Azure Data Lake Gen2 vs Storage account


I have a requirement to process some big data and planning to deploy Databricks cluster & a storage technology. Currently evaluating Data Lake Gen2 which supports both object and file storage. The storage account (blob, file, table, queue) also has similar capabilities which can handle both file based and object based storage requirements. I am bit puzzled to go for an option because of these similarities. Can someone clarify the following questions please?

  1. Except HDFS support, what else is a significant feature that I should use Data Lake Gen2 against Storage Account?
  2. Storage Account v2 with Hierarchical namespace enabled == Data Lake Gen2. If so, can I use File System to create file shares and mount them in my VM as like Storage acc's File system?
  3. For accessing data from Databricks, which one of these two will be better for big data workloads. I can see Storage account can also be mounted as DBFS which can still leverage the distributed processing.

Solution

  • Except HDFS support, what else is a significant feature that I should use Data Lake Gen2 against Storage Account?

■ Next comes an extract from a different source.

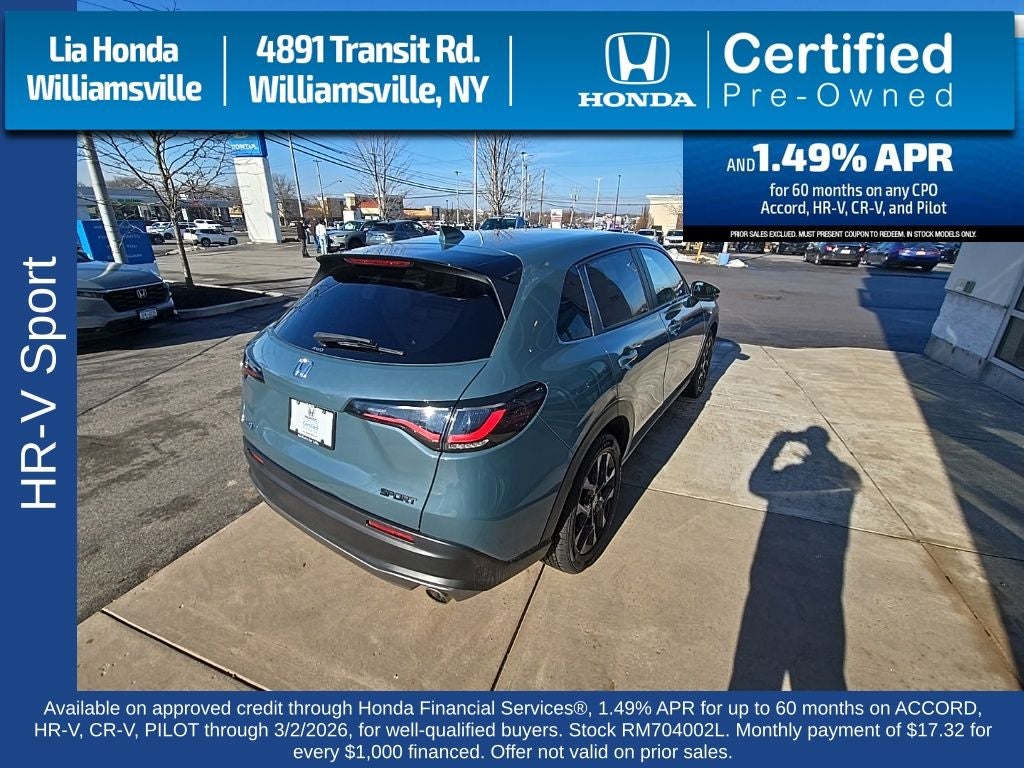 2024 Honda HR-V Sport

    Answer: There're also other benefits. In short, the benefits are Performance / Management / Security as well it's cost. For more details, you can refer to this official article.

    Storage Account v2 with Hierarchical namespace enabled == Data Lake Gen2. If so, can I use File System to create file shares and mount them in my VM as like Storage acc's File system?

    Answer: Of course, the ADLS Gen2 supports file shares mount as the blob storage does.

    For accessing data from Databricks, which one of these two will be better for big data workloads. I can see Storage account can also be mounted as DBFS which can still leverage the distributed processing.

    Answer: ADLS Gen2 can also be mounted as DBFS. And as per Answer 1, the better one should be ADLS Gen2.